Fires have become an everyday occurrence and have reshaped the landscape of several neighborhoods, especially the east side. Jane Avenue has been the hardest hit with 46 suspicious vacant fires in the last five years.
“They burned the whole one side of Jane,” said Christina Brackins, who lives on Dakota Avenue. “It’s nothing but fields now.”
There is a certain ferociousness — or determination, perhaps — to these fires.
More than 400 vacant homes burned more than once, according to the MLive-Flint Journal analysis of Flint Fire Department records. One on West Second Avenue burned nine times before it was finally razed last year.
“When we were dispatched to certain addresses we would just shake our heads,” said recently retired Battalion Chief Andy Graves. “Many times these repeated fires at the same location also repeatedly threatened neighboring occupied homes.”
The problem has gotten so bad that the city developed a policy for fighting fires inside vacant buildings. If there isn’t anyone inside, firefighters essentially just let the home burn — working only to prevent the fire from spreading to other homes or property.
In a city where 26 percent of its housing stock is vacant, Flint officials have a list of properties for demolition but residents have no guarantees how long a torched house will stand after a fire.
City officials said houses on its demolition list are ranked according to how threatening they are.
“Priority is given to which houses pose the biggest risk to public safety,” city spokesman Jason Lorenz said.
It’s not just vacant homes that is being destroyed. It is whole neighborhoods, even a part of the city’s history.
Schools, churches, businesses and mansions have been destroyed, leaving ugly scars for the remaining neighbors.
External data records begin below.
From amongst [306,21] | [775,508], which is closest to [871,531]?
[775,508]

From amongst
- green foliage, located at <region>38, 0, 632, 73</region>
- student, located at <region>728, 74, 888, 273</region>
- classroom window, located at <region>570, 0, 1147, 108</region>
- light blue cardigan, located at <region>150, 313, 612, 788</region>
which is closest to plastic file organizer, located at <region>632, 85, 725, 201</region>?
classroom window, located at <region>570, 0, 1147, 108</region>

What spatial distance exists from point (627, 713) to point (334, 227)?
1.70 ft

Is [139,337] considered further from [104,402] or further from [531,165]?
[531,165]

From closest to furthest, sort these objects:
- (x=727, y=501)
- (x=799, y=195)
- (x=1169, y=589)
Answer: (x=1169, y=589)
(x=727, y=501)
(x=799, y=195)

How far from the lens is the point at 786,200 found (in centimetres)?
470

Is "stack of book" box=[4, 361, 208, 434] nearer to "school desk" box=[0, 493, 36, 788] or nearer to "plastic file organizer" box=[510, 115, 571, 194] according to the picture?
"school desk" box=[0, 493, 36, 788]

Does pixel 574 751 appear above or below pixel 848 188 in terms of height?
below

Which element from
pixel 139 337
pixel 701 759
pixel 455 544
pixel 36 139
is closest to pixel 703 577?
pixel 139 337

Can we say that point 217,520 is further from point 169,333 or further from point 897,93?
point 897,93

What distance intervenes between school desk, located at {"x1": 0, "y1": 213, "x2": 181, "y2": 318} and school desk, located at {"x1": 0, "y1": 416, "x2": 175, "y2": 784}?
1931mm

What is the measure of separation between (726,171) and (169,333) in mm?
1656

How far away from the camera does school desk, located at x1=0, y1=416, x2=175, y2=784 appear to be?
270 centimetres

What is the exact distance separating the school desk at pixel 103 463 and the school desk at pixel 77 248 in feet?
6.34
The 36-room Jackson-Hardy house — a 3,500 square-foot, three story Queen Anne-style mansion that served as the Garland Hotel in the 1960s in Carriage Town — was destroyed by a suspicious fire just days before it was to undergo extensive renovations three years ago.
“An awful lot of people sat there crying,” Carriage Town Historic Neighborhood Association President Tim Monahan said of the fire. “A lot of people just loved that house.”
The loss of buildings makes it difficult to remember the prominence that Flint once held in the nation’s economy, said White.
“There’s not going to be any indication of how great we were of an automotive industry,” White said. “Unless somebody goes to a history book they won’t know what Flint was like.”
Three years ago, the city’s oldest school building — Homedale Elementary on the city’s east side — fell victim to arsonists.
“It was a community icon,” said Kevin Watkins, who started school there in 1969.
Today, it’s a vacant lot.
The arson problem has been a difficult one for the city to get a handle on.
In the same span that the city logged 1,631 suspicious fires to vacants, just 135 arson-related charges were filed in Flint District Court.
“Arson cases are difficult because it’s rare that anyone sees who sets the fire,” said Genesee County Prosecutor David Leyton.
Amid the city’s financial troubles that have resulted in fire and police layoffs and the state takeover, the city has watched the number of full-time arson investigators drop from three to one.
Cincinnati, by comparison, has eight arson investigators despite its population being less than three-times that of Flint.
Flint police Chief Alvern Lock said his department is making do with the resources it has.
“Whether it’s adequate or not, that’s what we’ve got,” said Lock. “If you ask me, ‘Do I want more arson investigators?’ I will tell you, ‘Yes.’”
In the meantime, the continued fires drive down already depressed property values and create fear for residents like Iser who waits to see if the next blaze will spread to his home.
“You just kind of get stuck here,” said Iser. “The last man on the island.”